— Try it —
For the entries below, return every line from the top through the line with "SPOT ON 91950 Guest House TekNong Syariah" exactly as it stands, omitting pictures.

*** Listed records ***

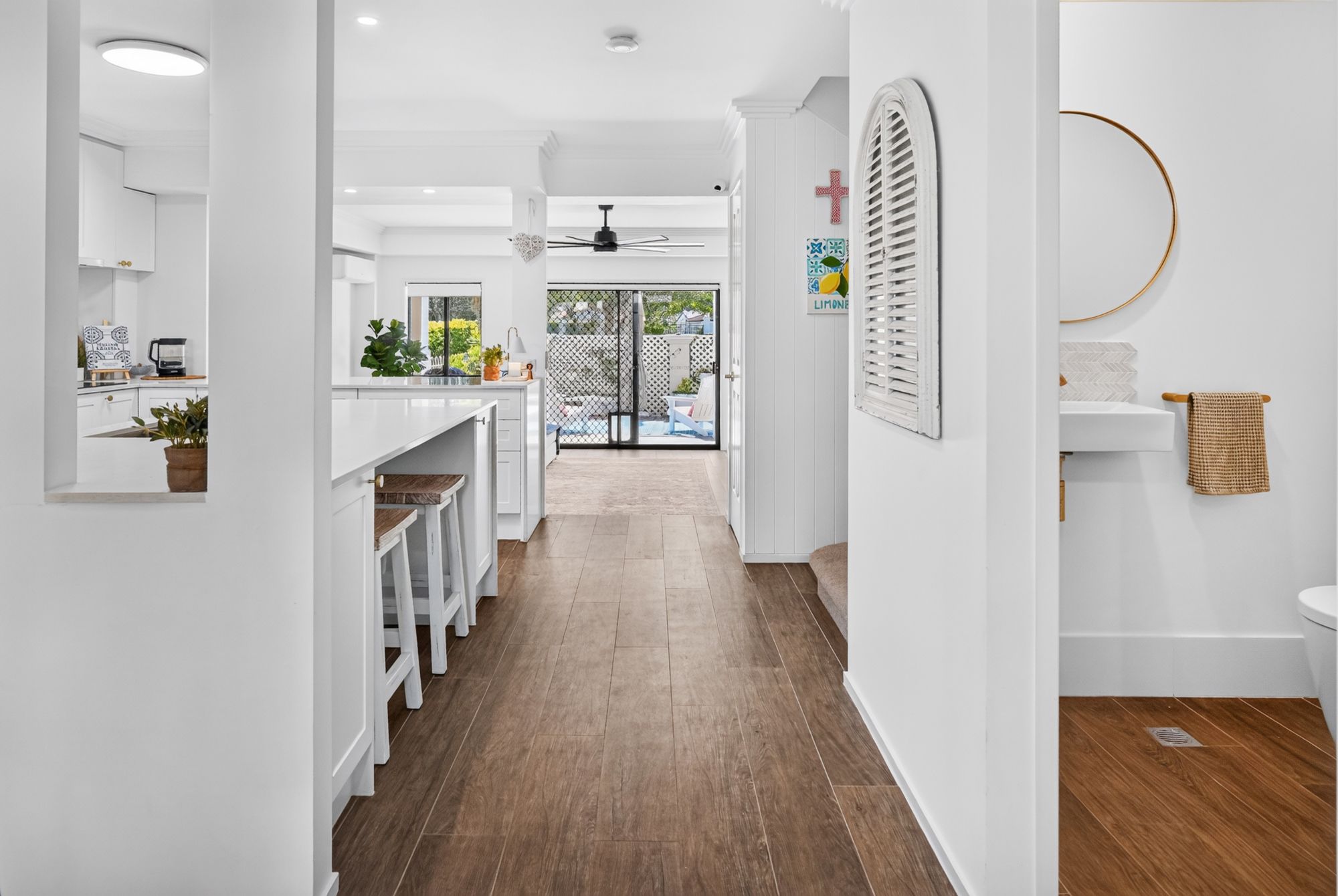 6/1 Bronberg Court — photo 12 of 30
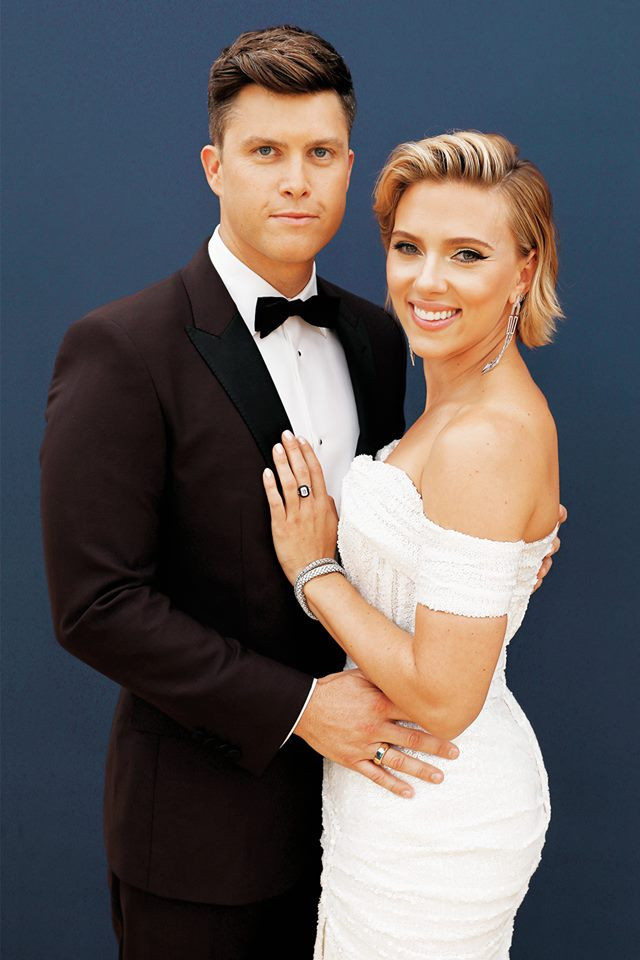 Colin Jost and Scarlett Johansson 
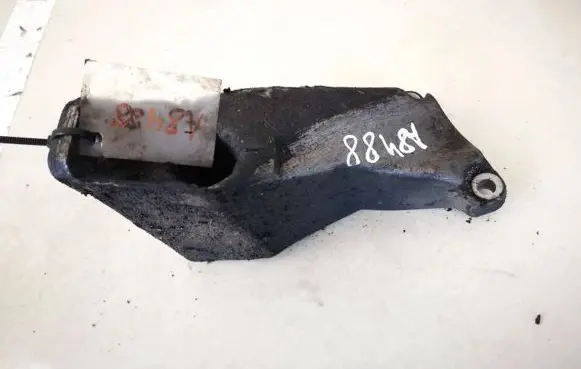 Skoda Superb B5 (3U) Engine mounting bracket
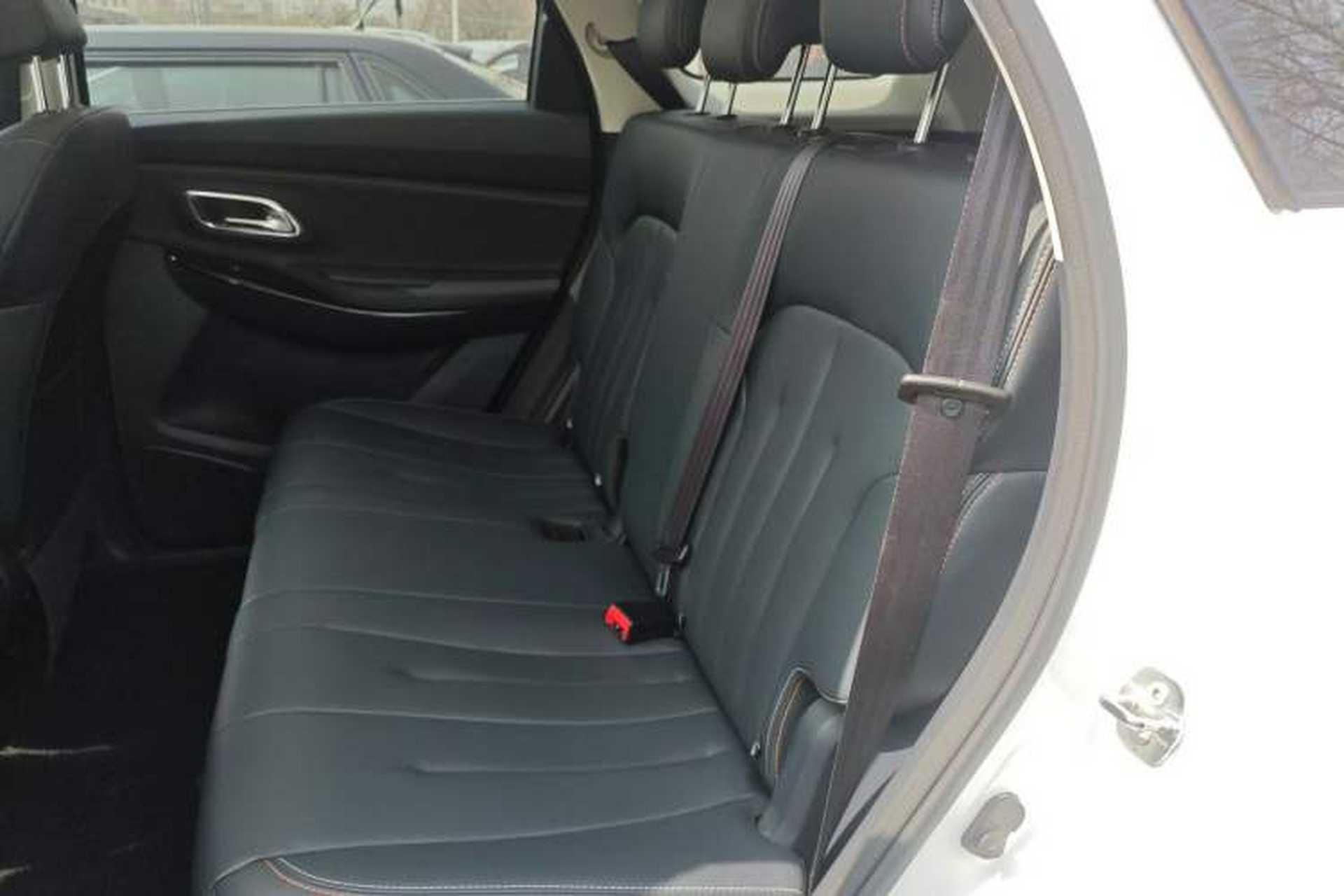 Used CHANGAN OSHAN X7 2020 1.5T Automatic Luxury Version Left Rear Seat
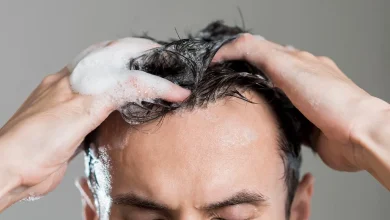 راهنمای خرید بهترین شامپو برای موهای خشک و وز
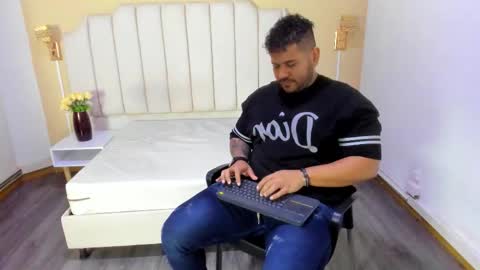 MICHAEL online show from 28, 11, 2025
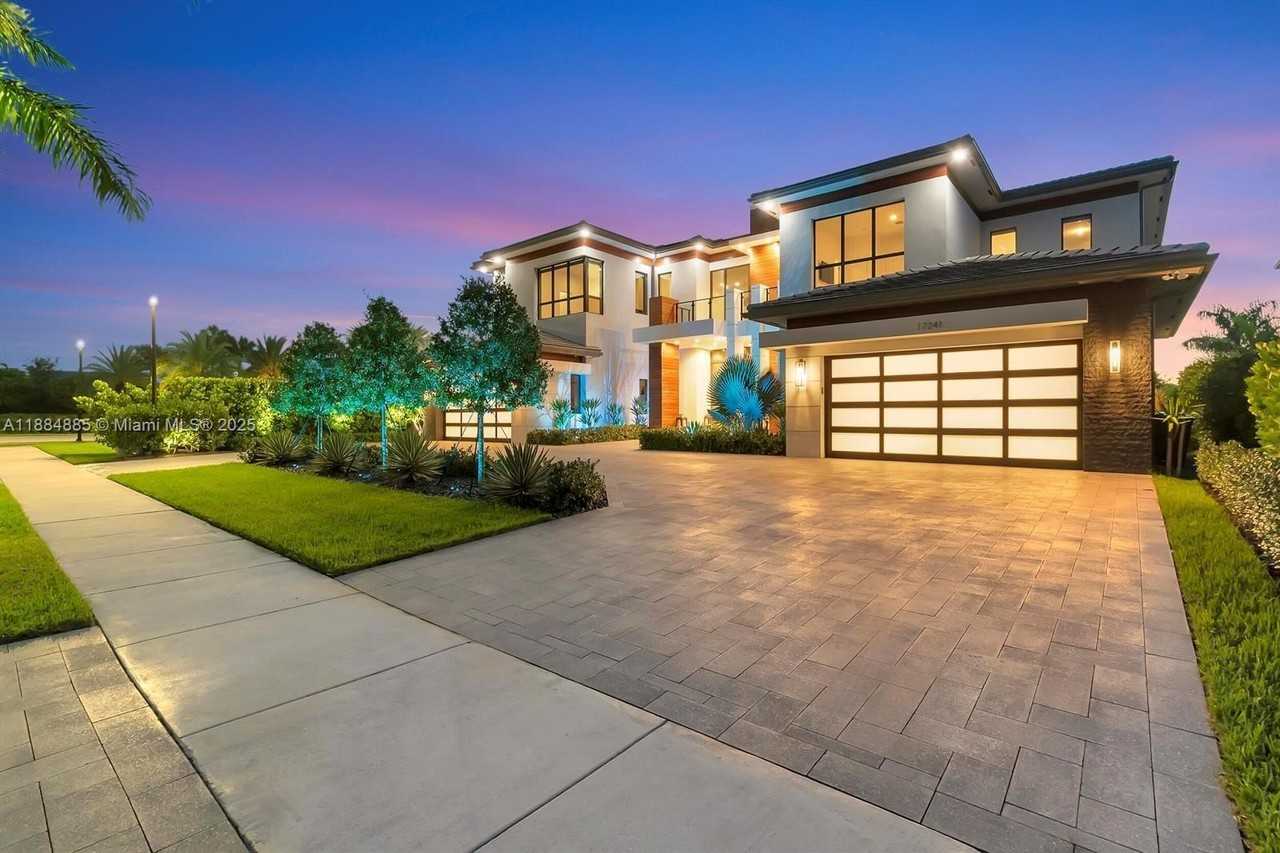 17241 Carretto Ct - Photo 3 of 35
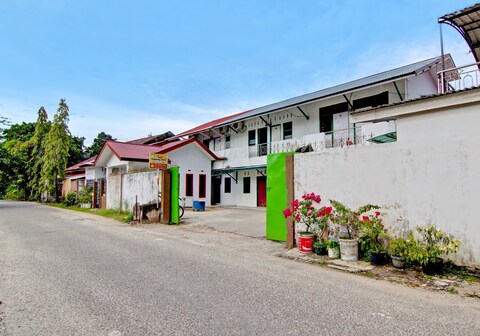 SPOT ON 91950 Guest House TekNong Syariah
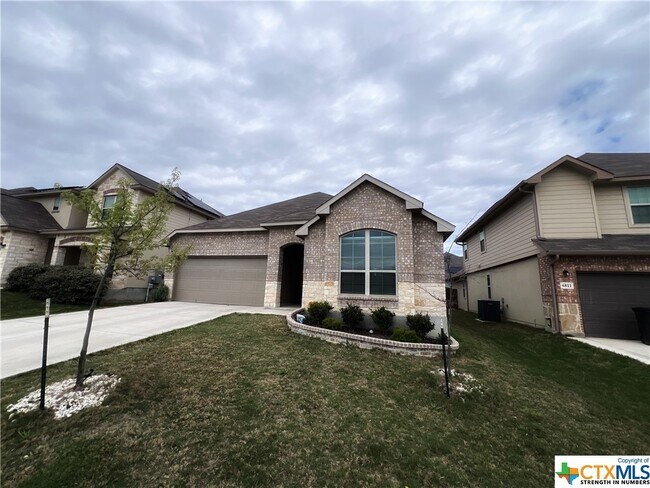 Building Photo - 6807 Comanche Post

*** End of Listed records ***

— Response —
 6/1 Bronberg Court — photo 12 of 30
 Colin Jost and Scarlett Johansson 
 Skoda Superb B5 (3U) Engine mounting bracket
 Used CHANGAN OSHAN X7 2020 1.5T Automatic Luxury Version Left Rear Seat
 راهنمای خرید بهترین شامپو برای موهای خشک و وز
 MICHAEL online show from 28, 11, 2025
 17241 Carretto Ct - Photo 3 of 35
 SPOT ON 91950 Guest House TekNong Syariah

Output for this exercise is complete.